Designer Robert Passal offers tips to keep in mind when preparing your home for holiday entertaining.
By Kevin Phinney
There’s no place like home for the holidays, and as we invite others to celebrate these special moments with us, we want to transform our homes into warm and welcoming showcases. So, when it comes to making the most of every occasion many turn to interior designer Robert Passal.
“Most clients come to me looking for advice on holiday decor, and what we call ‘fluffing,’” Passal’s word for “how the floral arrangements should look, how the home should be laid out and how the rooms flow from one into another.” As he sees it, entertaining ought to be fully immersive, and anything that a visitor can perceive is worth taking into consideration.
First and foremost, he says, hosts need to make sure their guests will interact. “You want to create areas that foster conversation,” he says. “It’s also kind of a guiding principle that you should never have enough chairs for every attendee because that encourages people to circulate.”
Using your imagination can help create a sense of occasion. “A party, whether it’s a holiday party or not, is meant to be a little more extravagant,” he explains. “You can choose to be more avant-garde and adventurous.” What does that look like? “Perhaps the food is more visually interesting and is worked into the decor: For example, we did a party once where the hosts wanted everything in white — white flowers, white ornaments, and they even served only white food.”
When it comes to centerpieces, look to the unexpected. “I have this 18th-century Buddha [pictured, above] I sometimes use as a table setting. It’s something unpredictable, like that which puts your personal stamp on the event and makes a statement about you and the occasion.”

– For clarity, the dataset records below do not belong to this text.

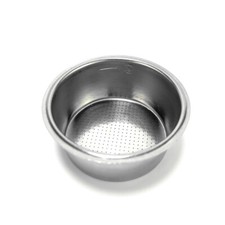 Cesta de filtro de café de 2/4 tazas para cafetera Delonghi EC5 EC7 EC9 51 MM plateada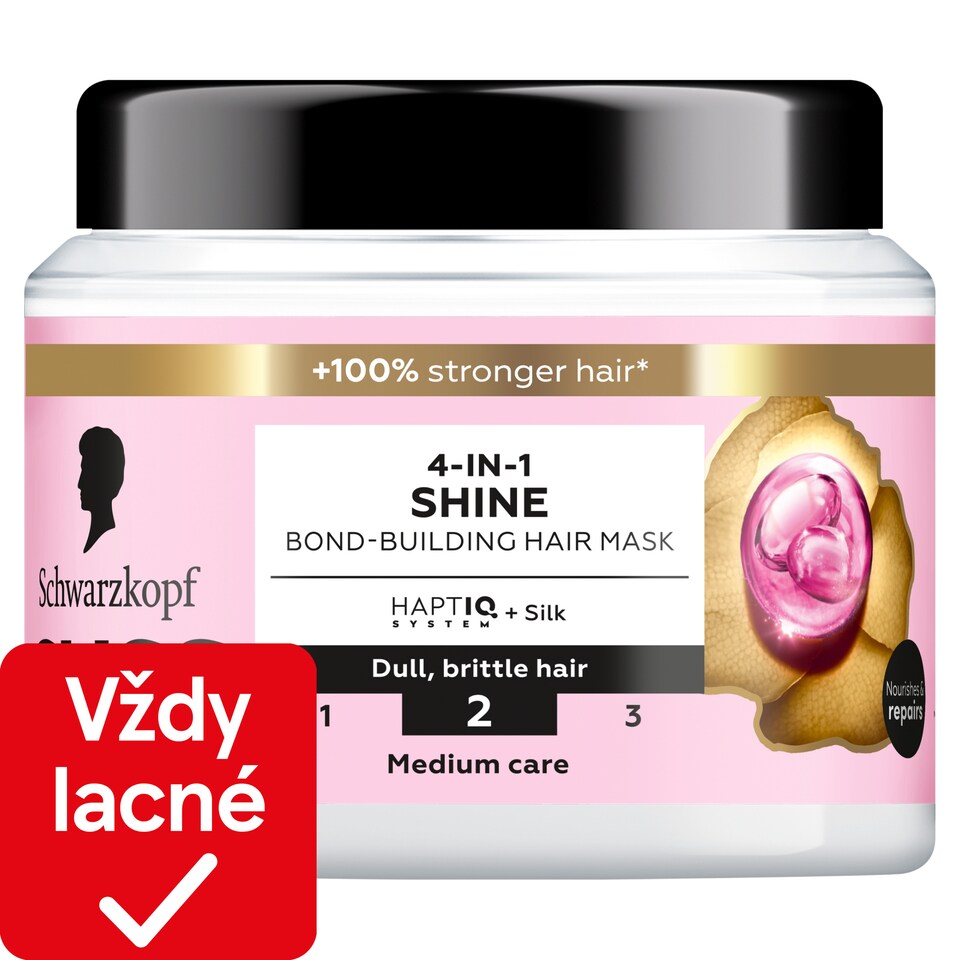 obrázok 1 z Schwarzkopf Gliss vlasová maska pre lesk vlasov 4v1 Liquid Silk 400 ml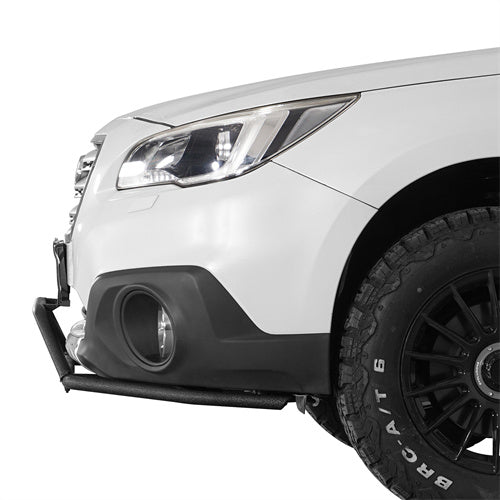 Load image into Gallery viewer, Hooke Road Tube Front Bumper for 2015-2019 Subaru Outback b4763s 3
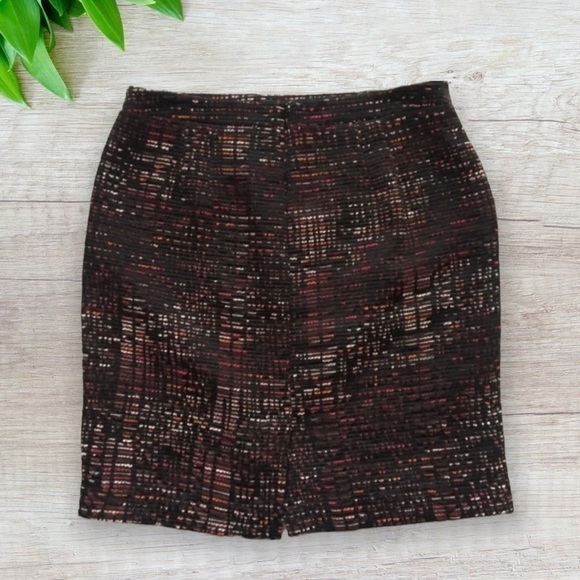 Loft textured multicolored tweed black pencil skirt *shop@iamwarrior - Picture 4 of 8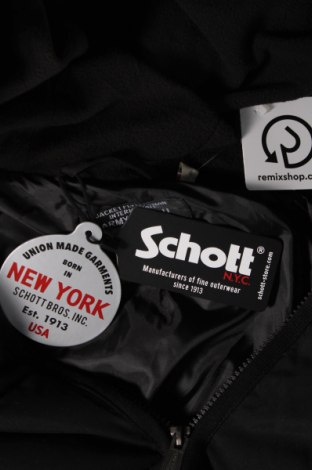 Ανδρικό μπουφάν Schott, Μέγεθος XXL, Χρώμα Μαύρο, Τιμή 49,10 €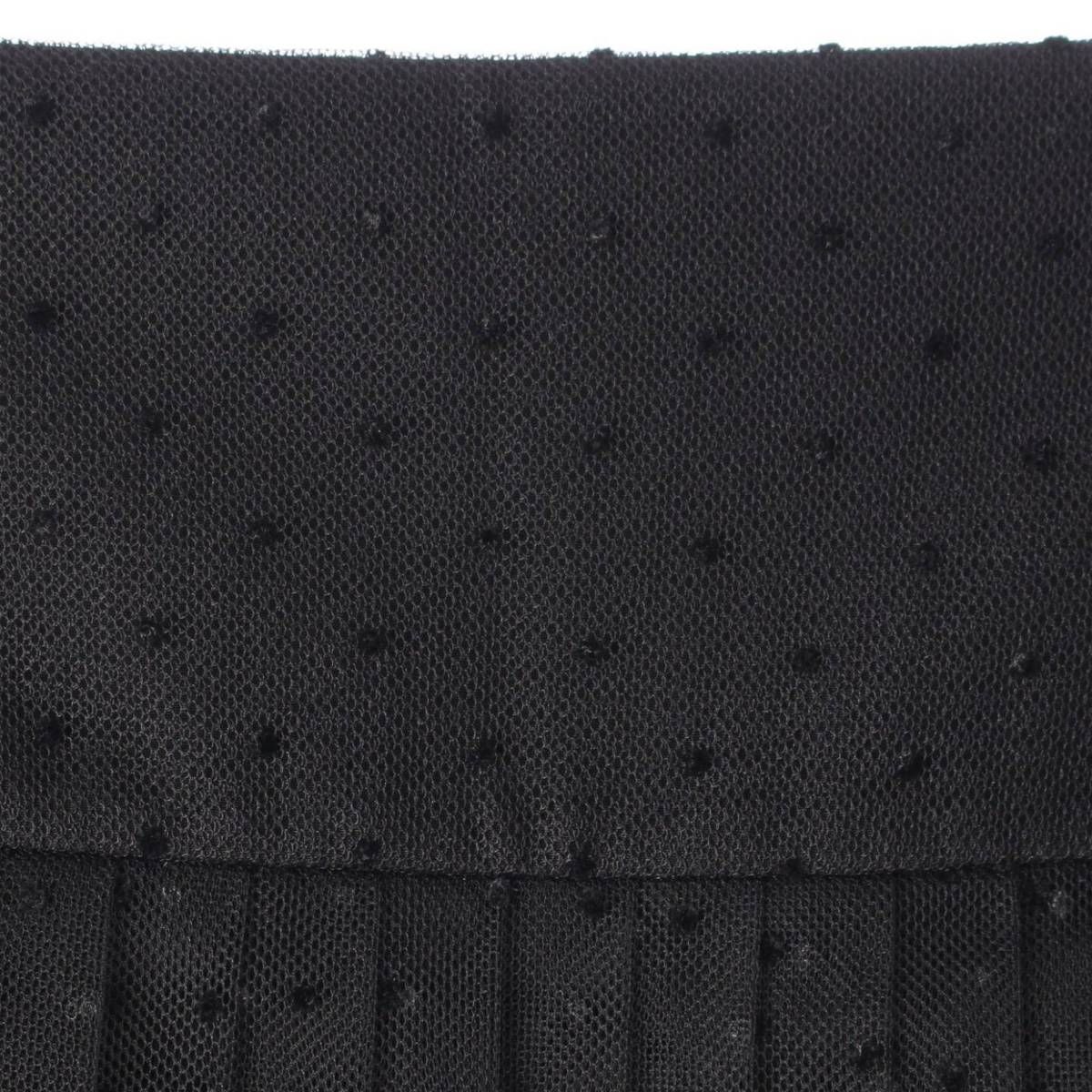 Dior 黒 ドット柄 チュール ロングスカート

But adding sparkle need not break the budget. “Believe it or not, Ikea makes these terrific 12-by-12-inch mirrored tiles, and you can use them as place settings or table runners,” Passal explains. “We’ve used those with little disco balls to provide a a wonderful little accent that adds a lot of character.”
An exotic theme can help unify the decor. “We did a dinner event several months ago based on Midnight in the Garden of Good and Evil. We did some simple things like finding a plethora of palm trees to give the place a kind of plantation feel,” he says. “As opposed to using flowers, we purchased cases of tropical fruits to create a centerpiece, and inside we had seashells and an occasional flower and it created a real mystique. We also lit the space all in blue, to contribute an aura of it actually being midnight.”
This leads the designer to a simple piece of advice that can add immeasurably to the atmosphere of any space: “It’s actually the one piece of advice I give to every homeowner,” he says. “Dimmers, dimmers, dimmers. It’s never sexy to walk into a place where all the lights are turned up to full power. [If dimmers aren’t an option at your location], three-way lamps make a great second choice.”
Another concern for many hosts is creating the right balance of music, but as Passal sees it, services like Pandora have taken much of that worry away. “Just type in ‘Party Mix,’ and you have an instant variety,” says the designer. At the same time, there is plenty of room to demonstrate creativity. “In places like New York, we often have musicians who are in subways and on street corners who are just terrific and will be happy to entertain at a party. I had a client who loved doo-wop; it was something that really spoke to her. And one day I was walking through SoHo and I just happened to hear these four guys harmonizing on the stoop. I asked, ‘Do you ever do parties?’ And they agreed to do it for a small amount of money and an open bar. Ha! They were terrific. They serenaded people as they entered and did songs here and there. It made the hostess’s night.”
Keeping the food simple and easy to prepare will also help assure that you actually get to attend the party you’re throwing, Pascal says. “You want an abundance of food, and worry a lot less about variety,” he says. “Cook some and cater some, too. … Get a few prepared things that allow you more time to socialize,” he says. “Parties are great and everyone loves to go to them, but the people who throw them need to remember their guests want to spend time with them,” Passal reminds. “You can throw a great party, but what’s the point if you miss it?”